What possessed the Biden-Harris campaign to approach their victory as a foregone conclusion may never be known: it seems, at any rate, to have been a tight operation, unlikely to extrude the usual mass of memoirs. Kamala Harris might have been supposed to have marred her chances by the one-liner with which she tried to sink Biden’s candidacy in an early debate. Biden was not a racist, she allowed, but he had taken a reactionary stand against the school busing that brought black students into predominantly white neighbourhoods; and, from her personal experience, she knew that it was wrong to oppose busing: ‘That little girl was me.’ (T-shirts blazoned with ‘That little girl was me’ were being sold online just hours after Harris uttered the remark.) As attorney general of California before she was elected to the Senate, Harris was a rigorous prosecutor, with a respectable haul of drug convictions for small offences, and no reputation for leniency. More recently, she positioned herself on the cultural left of the party; and on 1 November, the Biden-Harris campaign posted a fifty-second ad in which, helped by a cartoon of two boys climbing a hill, she explains the difference between equality (‘equal opportunity’ backed by non-discrimination laws) and ‘equity’ (the equal finish that is assured by a truly equal start). The Biden-Harris combination must have been meant to assure voters of several kinds of diversity: age, sex, race. The two go together more plainly in having never ventured far from the consensus of their party in their generations.

Trump is always Trump: a supremely selfish and reckless tycoon who seemed an unimaginable fit for public office when he ran in 2016. Undoubtedly, he expected to lose; entering the presidential race had been a publicity gimmick like any other; but Trump throws himself into a relentless salesman’s posture for whatever product he happens to be selling. The Democrats made the mistake of assuming that his vulgarity and ignorance were self-evident: the voters had only to see them to know he was unfit for the presidency. This year, they made the same mistake, and they came eerily close to a second disaster. Biden-Harris lost Florida, where they could have clinched a victory early on election night. They also lost Ohio. The races in Pennsylvania, Georgia, North Carolina, Nevada and Arizona remained for days too close to call. None of this was expected; the opinion polls, with the same near unanimity they showed for Hillary Clinton, led every insider to expect a happier result. Still, it looks as if the Democrats will one way or another secure the presidency this time; and they have kept their majority in the House of Representatives, though they won’t gain control of the Senate.

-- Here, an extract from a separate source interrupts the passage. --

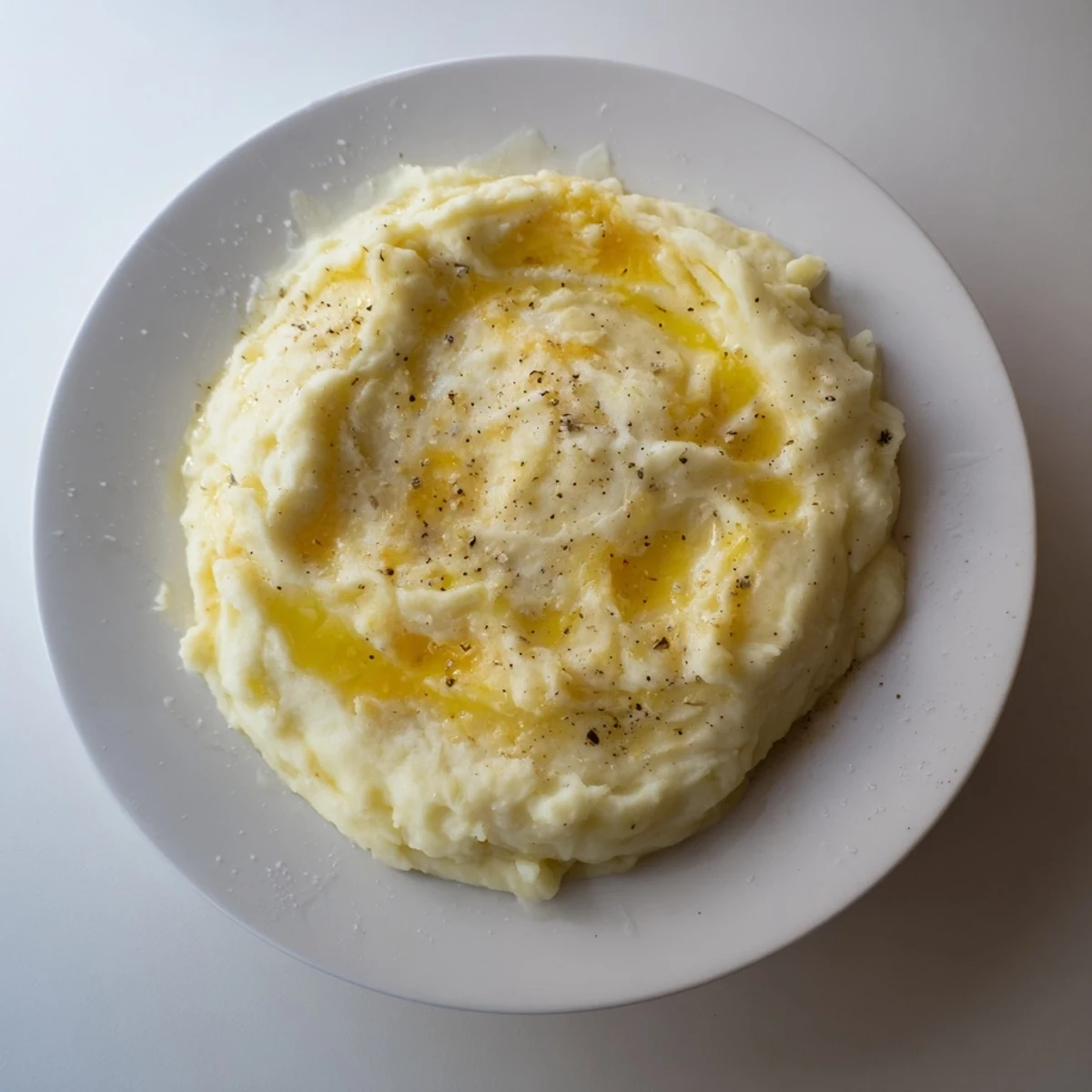 A close-up shot of rich Garlic Parmesan Mashed Potatoes, perfect for Thanksgiving or any dinner.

At a rally in Pennsylvania last month, Trump made a pathetic appeal to ‘suburban women’ to ‘please like me.’ Why? Because he was the one who would protect their suburbs from housing projects and the attendant crime and loss of market value: ‘I am happy to inform all of the people living their Suburban Lifestyle Dream,’ he said in a July rally, ‘that you will no longer be bothered or financially hurt by having low-income housing built in your neighbourhood.’ The pitch to the suburbs was also a way of calling to mind the urban riots that followed the police killing of George Floyd last summer. These outbreaks – euphemistically referred to as ‘unrest’ by the liberal press – were recurrent in Minneapolis, Austin, Philadelphia, New York City, Los Angeles, Oakland, Louisville, Chicago, Washington DC, Atlanta, Seattle and Portland. They must have contributed to the high Republican turnout that blunted the Biden-Harris triumph on 3 November.

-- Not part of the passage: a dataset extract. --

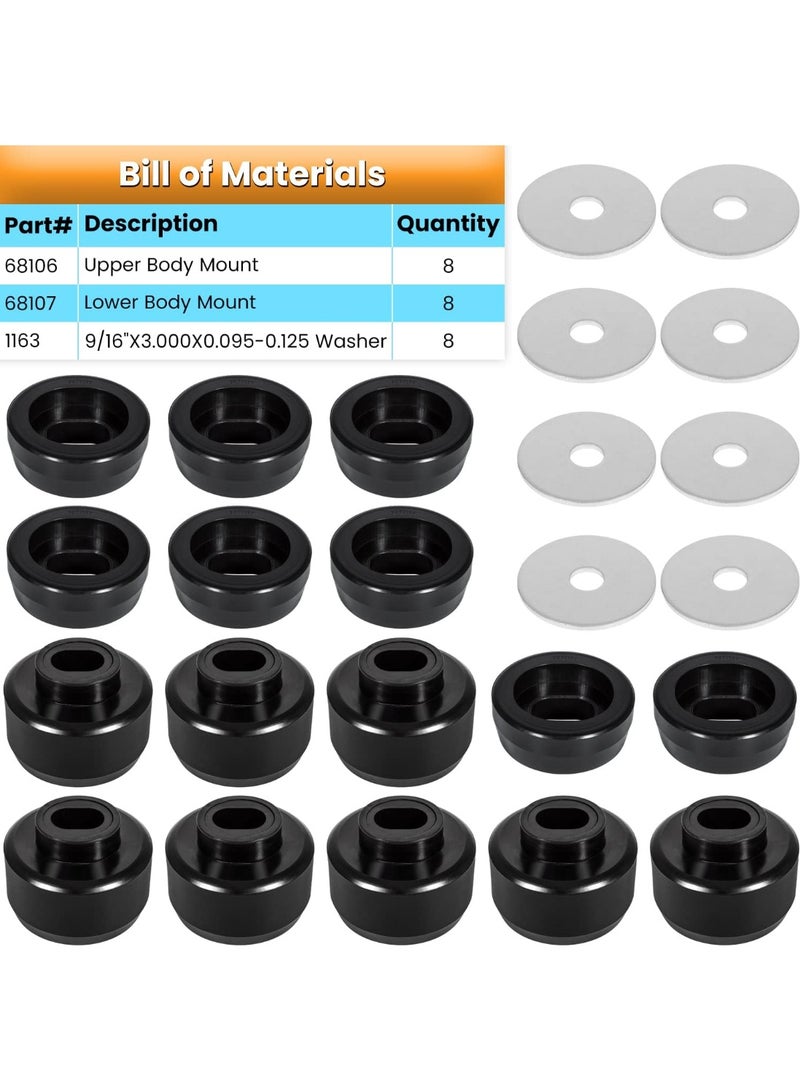 7-141 Body and Cab Mount Bushing Kit for Chevy Silverado & Sierra 1500/2500 2WD/4WD 1999-2014 Polyurethane Body Cab Mounts & Washers (Black 24PCS) - Image 2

Trump had all along been planning to run as the president who restored full health to the economy after the financial collapse of 2007-8. Covid-19 forced his hand. Since the Democrats were running once again as not-Trump, responsible mask-wearers in a time of pandemic that had already killed more than 200,000 Americans on Trump’s failed watch, he would run as the man who doesn’t hate America. He tested positive for the virus on 1 October, but got over it fast with the help of an experimental drug cocktail (which he promised all Americans would be offered very soon). He immediately resumed his mass rallies, giving confused and contradictory advice about mask-wearing.

By Halloween, it was clear that Trump, whose strategies are all short-lived, was intent on provoking civil disorder (he didn’t much care what sort) to disturb the law-abiding process of election day and throw doubt on any result that might be declared. If it was a close call, he had already indicated in speeches, tweets and interviews that he would do everything in his power to call it into question. On 31 October, the Saturday before the election, he was saying that no early result could be a true result. ‘We’re going to be waiting,’ he said at a rally in Pennsylvania, ‘November third is going to come and go, and we’re not going to know. And you’re going to have bedlam in our country.’ Three days earlier, the US Supreme Court had ruled that Pennsylvania could accept ballots received as late as 6 November. ‘This is a horrible thing,’ Trump said, ‘that the United States Supreme Court has done to our country. And I say it, and I say it loud and I say it proud.’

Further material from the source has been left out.